A new chapter: Bookstore nearly half-a-century-old now an apparel outlet

Owner of another bookshop blames dwindling culture of reading.

PESHAWAR:
A popular garment store has replaced what was once the city’s largest bookshop.

Saeed Book Bank shut down in February 2011 after nearly 45 years when its owner shifted to Islamabad, but the signboards remained for about three years following its closure. In July this year, renovations began for what would become an apparel shop in August. The clothing store was earlier housed on the upper storey of the same building.

The bookstore was forced into closure due to dwindling sales. Soon after, Maktaba Sarhad, one of the oldest bookstores of the provincial capital, followed suit. Located in Khyber Bazaar, Maktaba Sarhad ultimately started selling the books at half the price and began dealing in electronics instead.

Another dealer of second-hand books on University Road also had to relocate his business to less expensive premises. Its owner, Zaki Ahmed Pirzada attributed this to the dwindling reading culture. He said leisure reading, in particular, ceased to be a pastime.

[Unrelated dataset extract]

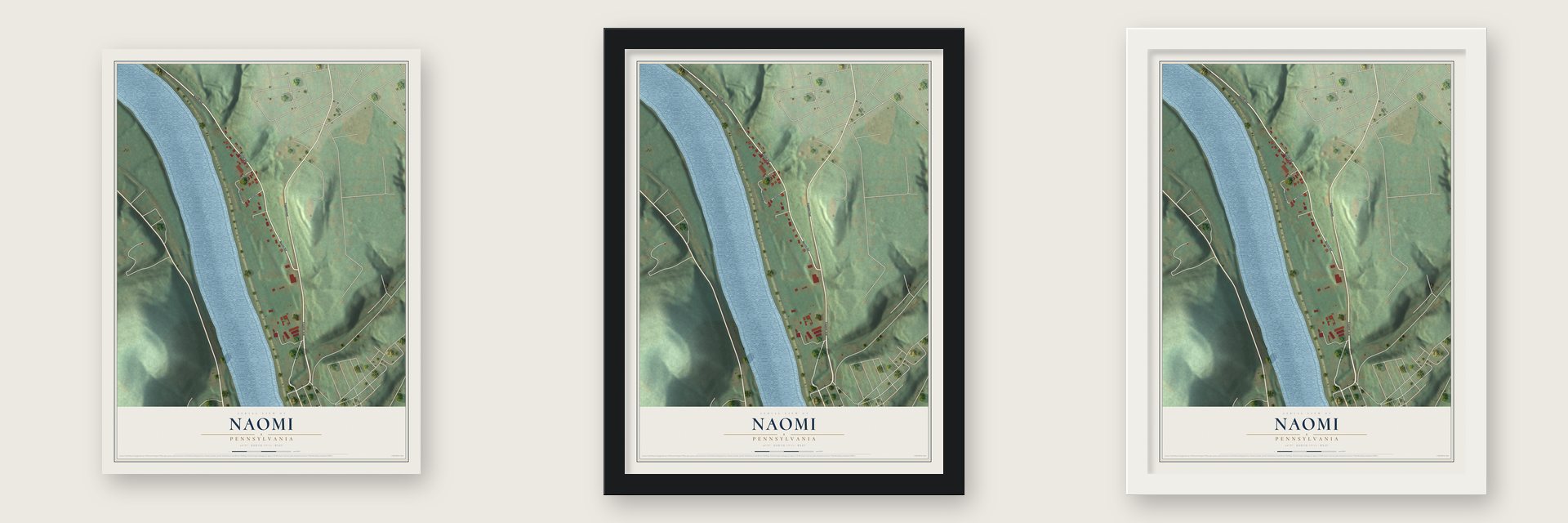 Naomi, Pennsylvania map unframed, in a black wood frame and in a white wood frame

Pirzada maintained people became obsessed with the internet, movies and cell phones, with reading no longer an attraction in the “digitized world”. He added people were happy to pay Rs100 for a compact disc, but would not do the same for a copy of a classic novel.

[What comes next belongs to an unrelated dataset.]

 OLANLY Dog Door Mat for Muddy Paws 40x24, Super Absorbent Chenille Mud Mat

The bookstore’s owner said he had to relocate his shop from University Road to a gloomy corner of a plaza owing to skyrocketing rent, claiming fashion outlets sprang up and sharply drove upwards the demand of shops.

Pirzada urged the government to reduce taxes on books, besides reducing the cost of printing, to encourage people to read. A city of over three million inhabitants, Peshawar has not seen any new bookstores in the past several years.

Published in The Express Tribune, September 3rd, 2014.